Watford won 5-1 at White Hart Lane playing bold, exciting football but their achievement was completely overshadowed by a tragedy at Bradford City. An old wooden stand caught fire and 56 people died. Later that month there was violence, and more deaths, at the European Cup final at the Heysel Stadium in Brussels. Football grounds were not all safe, welcoming places for supporters and the English game had serious problems.
Watford, the family club, who took pride in trying to entertain people in a safe, friendly environment, were trying to buck the trend.
As Steve Perryman, who played in the Spurs defence that was given such raw treatment that afternoon, said: ‘Watford were really making an effort to win people over in the Eighties. I lived in Ickenham and the leaflets used to come through my door. The club was trying to attract supporters from well outside the town. The leaflets said that Watford scored the most goals and were the most attacking team in the First Division.
‘They weren’t a Tottenham or an Arsenal who could rely on 30,000 fans turning up because they had the history. They had to make themselves attractive. In lots of ways, they were leading the way for other clubs by trying to attract new supporters – children, families. They didn't have fences up. They wanted a game of football to be a nice thing to come and watch.'
Nigel Callaghan, Luther Blissett and John Barnes put Watford 3-0 up inside half an hour and Spurs were reeling and on their way to a humiliation in front of their own fans.

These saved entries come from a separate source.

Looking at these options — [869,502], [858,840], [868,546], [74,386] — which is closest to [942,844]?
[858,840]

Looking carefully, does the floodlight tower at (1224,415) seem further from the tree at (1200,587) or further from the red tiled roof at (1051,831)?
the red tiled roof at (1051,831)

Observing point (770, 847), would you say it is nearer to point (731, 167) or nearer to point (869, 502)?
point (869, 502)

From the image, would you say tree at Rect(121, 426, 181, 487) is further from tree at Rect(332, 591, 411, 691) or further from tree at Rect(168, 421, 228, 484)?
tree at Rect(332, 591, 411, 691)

‘The last team you wanted to face if you were having an off-day was Watford,’ says Perryman. ‘If you weren’t careful, they could tear you to pieces and they did that to Tottenham that day.'
Glenn Hoddle pulled one back from the penalty spot in the second half but a Danny Thomas own goal and a fifth from Colin West completed the most comprehensive hammering Tottenham had endured on their home ground for years.
Tottenham were one of the clubs that had asked questions about Watford's 'style' when the team had first arrived in the top flight a few years earlier but that wasn't a problem for Perryman.
‘It wasn't the fact it was Watford. To lose 5-1 at home, to anyone, my God, that was unacceptable,’ says Perryman. ‘When we played away at Watford, we used to work hard on what they were going to throw at us. We were well prepared to scrap and be physical and we were ready for their set-pieces. But at home I think we felt that as this was our ground we’d dictate the play. Well, we didn’t that day.’
The fact that the national papers were reluctant to give Watford the credit they were due continued to irritate Graham Taylor. A few days after this hammering, he said: ‘I’ve only read about how badly Tottenham played rather than how well we played, so very little has changed.’
Watford Coton, Gibbs, Rostron, Taylor, Terry, McClelland, Callaghan, Blissett, West, Jackett, Barnes
Manager Graham Taylor
Scorers Callaghan 14, Blissett 17 pen, Barnes 28, Thomas og 79, West 83
Tottenham scorer Hoddle 67 pen
Why was this match chosen? It's one of the greatest away results in the club's history.
How do I feel about this game's inclusion now? This was 1980s Watford in all-out attack mode. Three-nil up at White Hart Lane inside half an hour and still with the legs to stretch away again after Spurs pulled a goal back. The fact it was followed two days later by an equally impressive result makes it all the better.